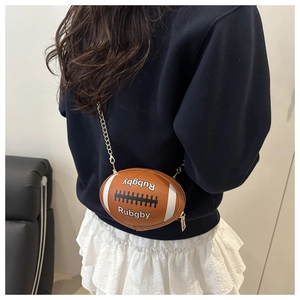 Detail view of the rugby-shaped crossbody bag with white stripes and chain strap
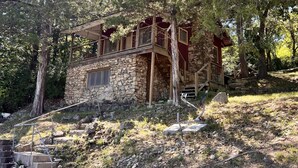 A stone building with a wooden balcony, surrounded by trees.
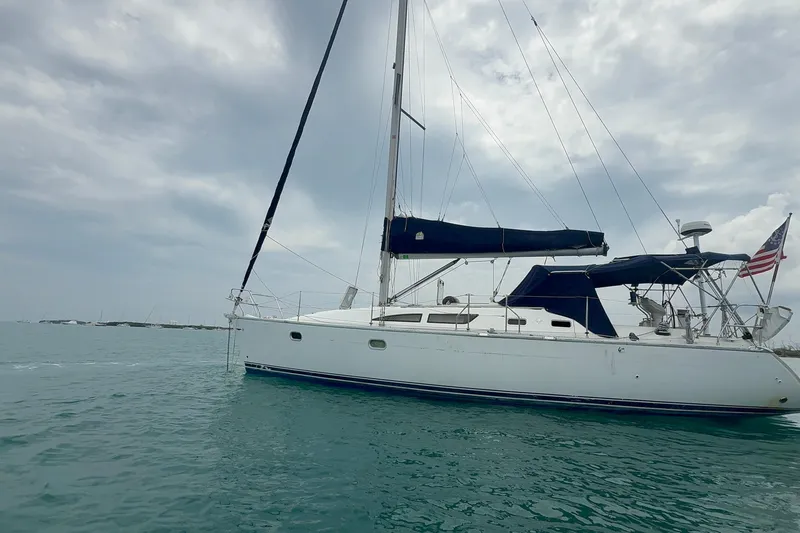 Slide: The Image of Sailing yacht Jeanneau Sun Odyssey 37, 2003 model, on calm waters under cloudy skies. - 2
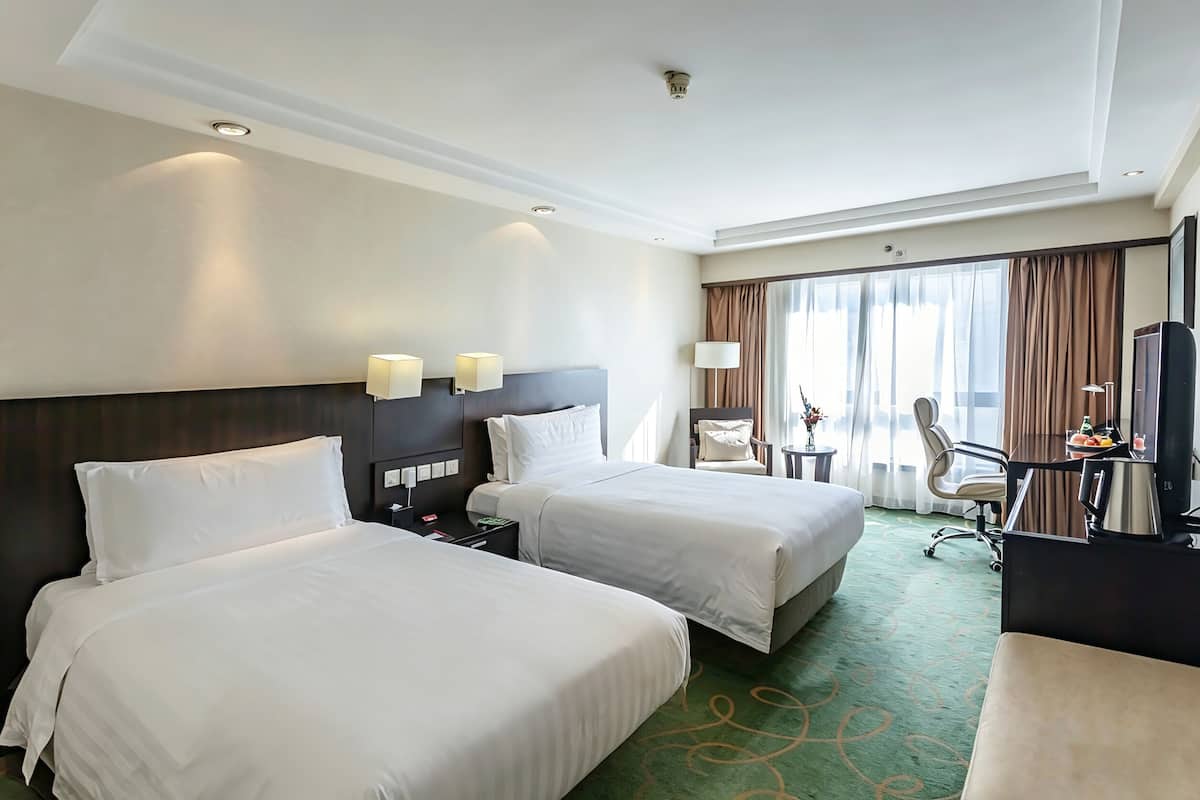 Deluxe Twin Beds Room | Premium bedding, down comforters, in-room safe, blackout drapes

» **Problem to solve**
Starting at the line with "Slide: The Image" and stopping at the final line of the material, reproduce each line exactly, both ends included. Leave the pictures out.

» **Written solution**
 Slide: The Image of Sailing yacht Jeanneau Sun Odyssey 37, 2003 model, on calm waters under cloudy skies. - 2
 Deluxe Twin Beds Room | Premium bedding, down comforters, in-room safe, blackout drapes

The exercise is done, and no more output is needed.